Sadly, that was not always what I encountered from my fellow physicians.

I remember practicing as a young ER physician new to a small community hospital in California, and calling in a prominent surgeon to perform an emergency appendectomy. When he arrived, he strongly smelled of alcohol. I’m not sure if the smell colored my thinking, but I thought he was speaking more slowly than normal. It was the middle of the night, after all. There was no other choice for surgeon, and a delay exposed the patient to significant risk. The surgery went ahead, and the patient did fine. However, as I asked around, I discovered that this surgeon was known as a boozer, and frequently came into the hospital drunk. This still haunts me, and I left that hospital rather quickly.

That was my first experience with the difficulty of dealing with physicians who abuse mind-altering drugs. I didn’t make any sort of formal report on the surgeon; I would have felt intimidated. I passed the word along to colleagues, but that was all I did. Today, as a senior physician in the latter part of my career, I would hope that I’d do more.

That was a case when I recognized a problem. It can be hard to recognize that a colleague has a substance abuse problem even if you’re a trained observer of addicts. Among my professional pursuits, I was the director of a drug/alcohol program for a large medical group, and personally saw every patient who entered the program for several years. I thought I had a pretty good background in spotting the behavior of addicts.

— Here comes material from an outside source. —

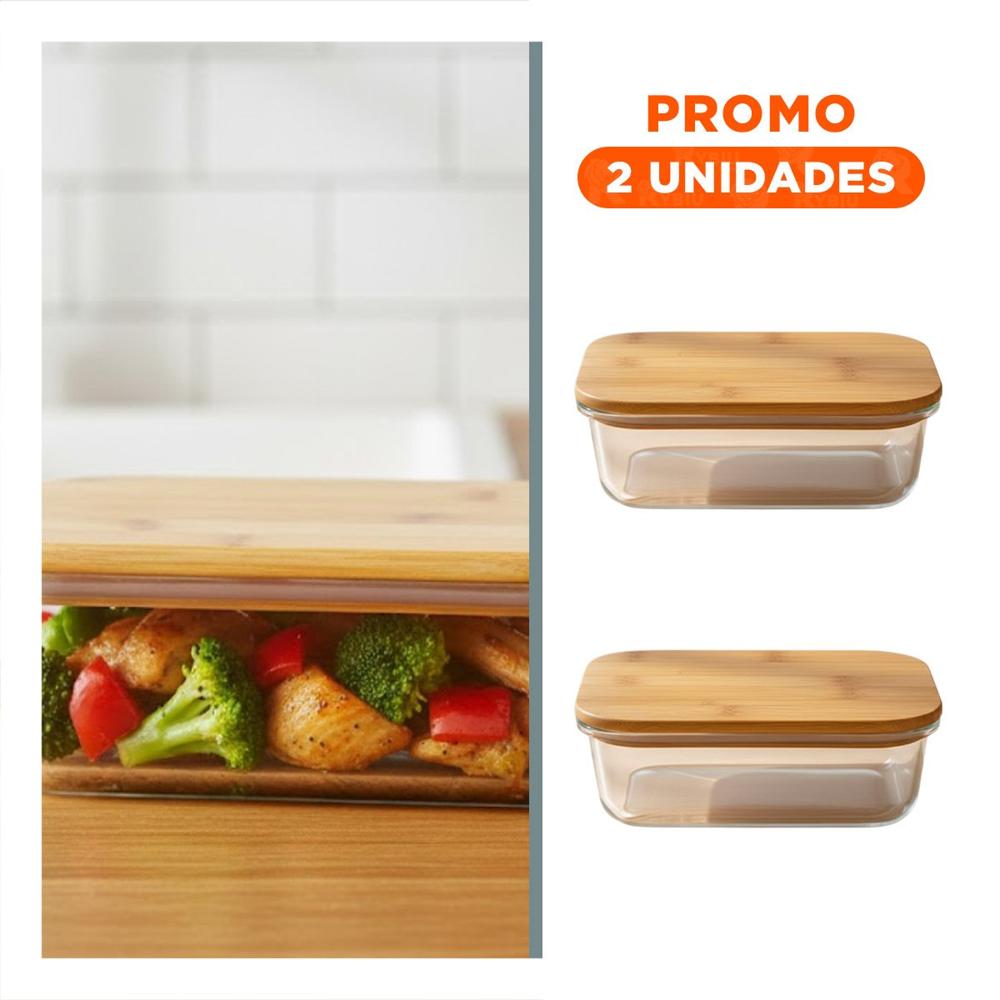 Pack2 Taper 640ml rectangular transparente con tapa de bambu para alimentos Y Regalo Sticker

In 1994, I hired an associate, Cindy, a graduate of a famous cancer center who was looking for temp work. She was young, attractive, and very smart. But I was surprised by her poor work habits, and my staff reported strange behavior. Drugs from the office started disappearing. It took too long for me to reach the clear conclusion that Cindy was abusing drugs. I just couldn’t believe it until it was undeniable. (Although she did deny it.) A year later she had her license revoked for drug use, unrelated to my experience with her.

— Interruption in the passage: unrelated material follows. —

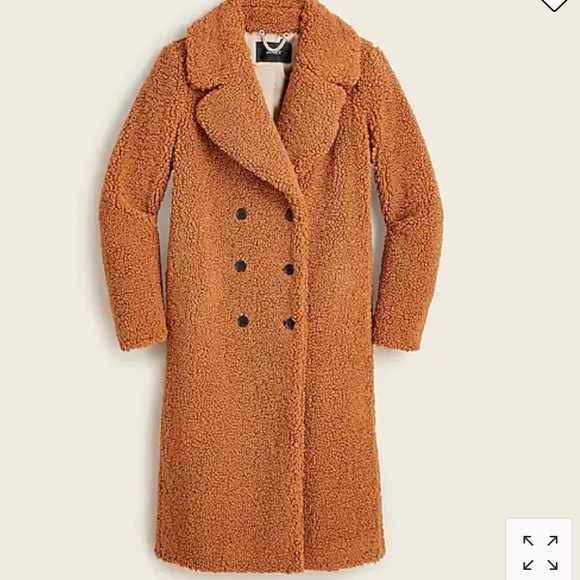 J. Crew Petite double-breasted teddy sherpa topcoat - Picture 1 of 8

It was very sobering to me that I was fooled by her for so long. Looking back, it was obvious, but at the time, my bias toward people with excellent training and good manners blinded me. I’m still embarrassed by it. But the bottom line was that even with close daily contact in the office, I didn’t recognize it, in spite of my professional experience with addicts.

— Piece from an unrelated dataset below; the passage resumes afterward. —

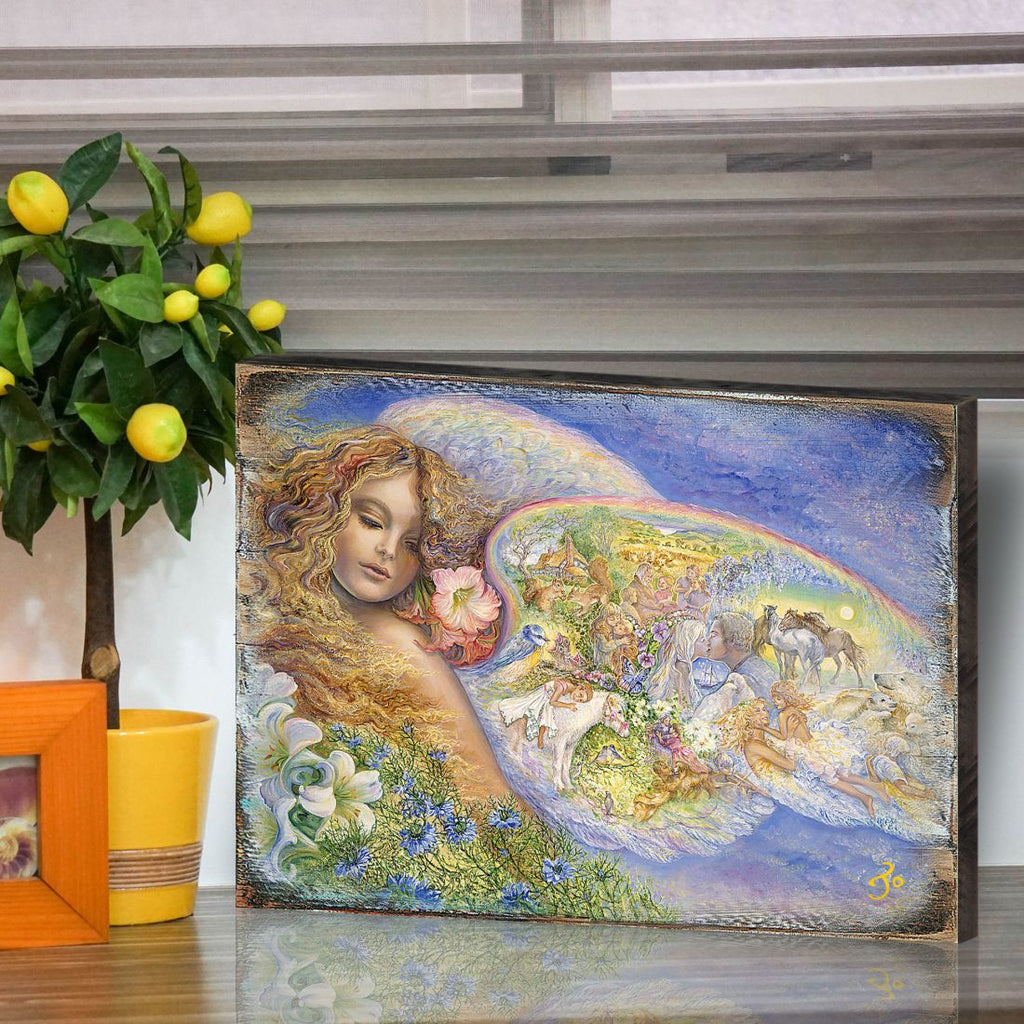 Wings of Love Fantasy Wooden Wall Art by Josephine Wall - Fantasy Decor - 852153-JW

Until a few years ago, the licensing board for physicians in California had a diversion program for those who were identified as having an abuse problem. It had a 75 percent long-term success rate. It allowed for anonymous reporting of suspected abuse, and it was increasingly used since the 1970s, when it started. However, the licensing board, in its wisdom, recently discontinued this program; in their view, the board’s primary mission was patient protection, not physician rehabilitation. Funding should not have been an issue: The program was paid for by physician licensing fees, not by taxpayers. Nothing has appeared to take its place, and so California is without a confidential reporting system for doctors.

I’ve spoken with a number of practicing physicians recently, and surprisingly, I hear a lot of support for mandatory testing. This support may have less to do with a desire to protect patients than with a feeling of impotence in dealing with colleagues who abuse drugs. Most physicians simply don’t know how to report a problem without potentially endangering their own careers.

Mandatory testing will cost a lot of money, and it is certainly intrusive to the daily practice of medicine. And I think just a small number of physicians would be identified by this process. However, here’s my diagnosis: patient safety concerns justify such testing for physicians, just as air safety concerns justify testing for pilots. And even with testing in place, doctors should not be excused from their obligation to report colleagues, and the government should provide a way to make such reports confidentially.

None of this should be done by a deeply flawed ballot initiative; instead, the legislature should craft a careful law that will work in practice.